Im Rahmen eines Solidaritätsprojektes habt ihr die Möglichkeit, als Gruppe eure eigene Projektidee umzusetzen.

Von interkulturellen Kochevents über Streetart-Projekte zusammen mit jungen Geflüchteten im eigenen Viertel bis hin zu einer Info-Kampagne für Schülerinnen und Schüler für die nächste Europawahl – dem thematischen Spektrum von Solidaritätsprojekten sind keine Grenzen gesetzt. Die lokale Gemeinschaft soll positiv von dem Projekt profitieren und Europa von den Bürgerinnen und Bürgern erfahrbar und greifbar gemacht werden.

Bedingungen

Dazu müsst ihr mindestens fünf junge Menschen sein und eine Idee mit europäischem Bezug haben, die eurer lokalen Gemeinschaft zu Gute kommt. Um das Projekt zu beantragen, müsst ihr euch auf dem Portal des Europäischen Solidaritätskorps registrieren.

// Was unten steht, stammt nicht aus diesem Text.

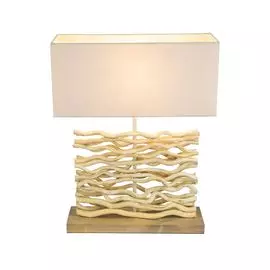 Настольная лампа Globo Jamie 21647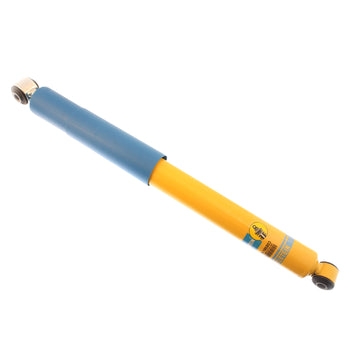 Bilstein 24-186803 - Suspension Shock Absorber Rear Monotube Jeep Commander 2010-2006 Grand Cherokee 2010-2005 B6 4600 Bilstein 1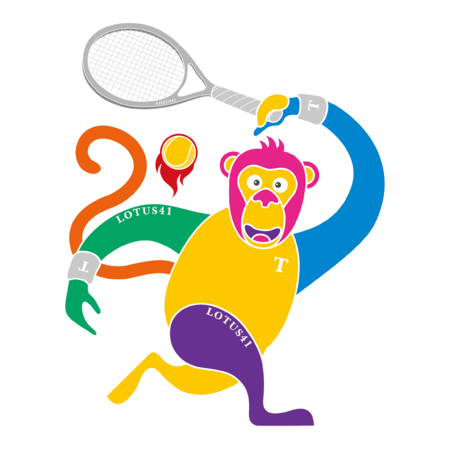 93899aa3 aec0 4353 b52b 966438f3adc8 s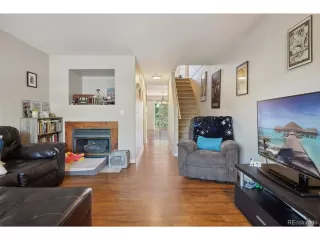 Photo #5: 7150547 Listing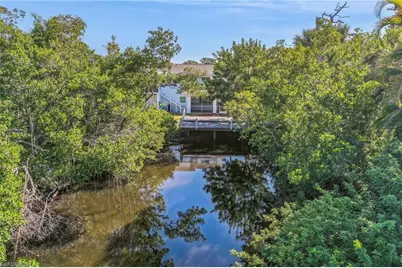 1182 Betmar Blvd, North Fort Myers, FL 33903 - Photo 38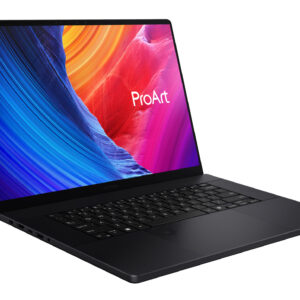 ASUS ProArt P16 (Ryzen AI 9, 32Go, RTX 5060)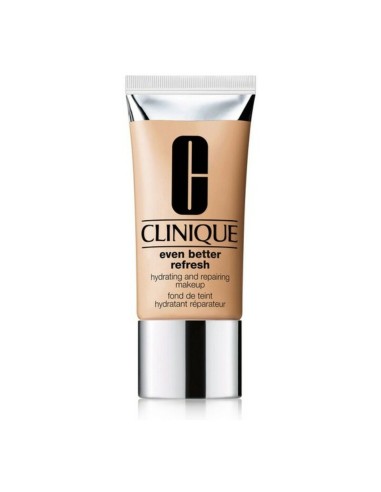 Maquillage liquide Clinique Even Better Refresh (15 ml)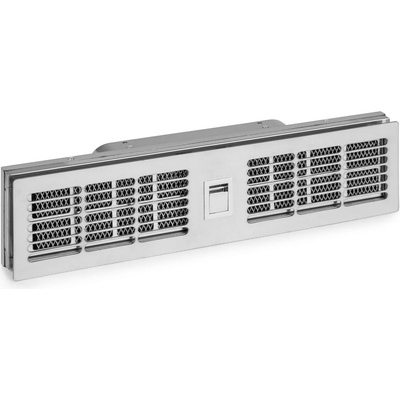 Klarstein Филтър за мазнини, подходящ за аспиратори (Full-House, Chef-Fusion, Brisa) (CGCH3-FH3.0-AF -AF) (CGCH3-FH3.0-AF -AF)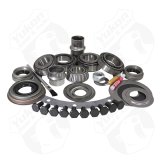 Yukon Gear Master Overhaul Kit For Dana Super 30 Diff thumbnail 1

Das Portal kann dazu genutzt werden, Ideen vorzuschlagen und weitere Mitglieder für eigene Initiative zu finden. Die Projektziele, die Aufgaben und deren Umsetzung plant ihr dann selbstständig, eine Organisation kann euch dabei aber unterstützen und begleiten, besonders bei schwierigeren Aufgaben wie Finanzen und Projektmanagement.

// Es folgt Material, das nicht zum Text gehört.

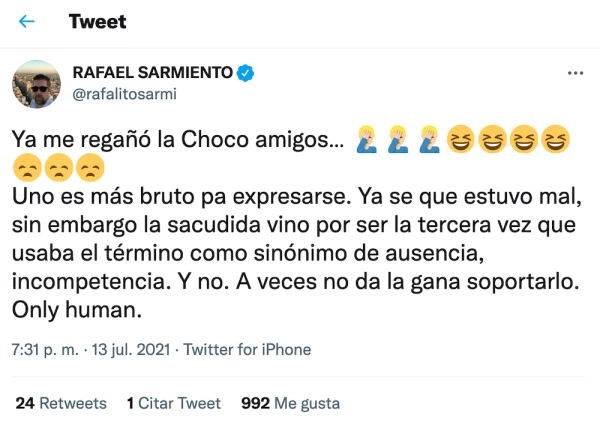 rafa-regano.jpg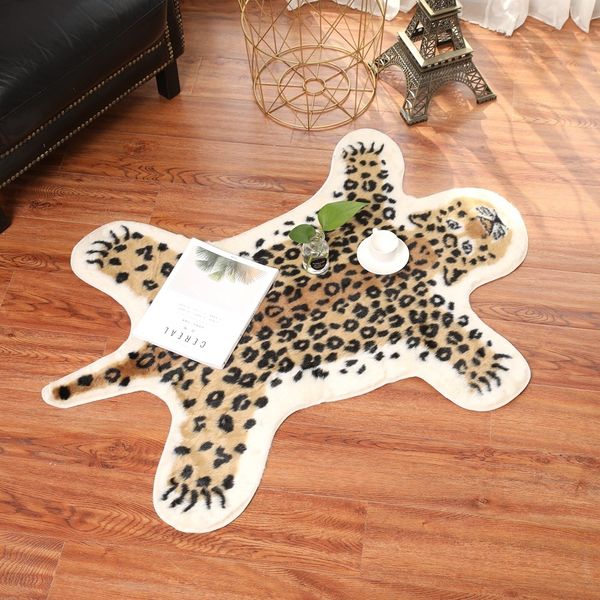 8j362 animal imitation cowhide nordic style cheetah pattern living short carpet bedroomstudy carpet hair room washable u5uyt
8j362 animal imitation cowhide nordic style cheetah pattern living short carpet bedroomstudy carpet hair room washable u5uyt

Die Dauer des Projektes kann insgesamt zwei bis zwölf Monate betragen. Zum Abschluss erhaltet ihr ein Zertifikat über eure Teilnahme.

Fördersätze

Folgend erläutern wir euch die Fördersätze am Beispiel einer acht-köpfigen Gruppe aus Dresden, die in ihrem Viertel ein StreetArt-Event mit jungen Geflüchteten durchführen möchte. 

Die Dauer des Projekts beträgt insgesamt drei Monate. In dieser Zeit bereitet die Gruppe das Event vor, trifft Absprachen mit der Stadt, den Mitarbeitern in der Flüchtlingsunterkunft, gestaltet einen Flyer, besorgt Materialien, informiert lokale Medien, führt das Event durch, wertet es aus und überlegt Folge-Aktivitäten. Pro Monat erhält die Gruppe eine Projektkostenpauschale von 500,- Euro = 1500,- Euro.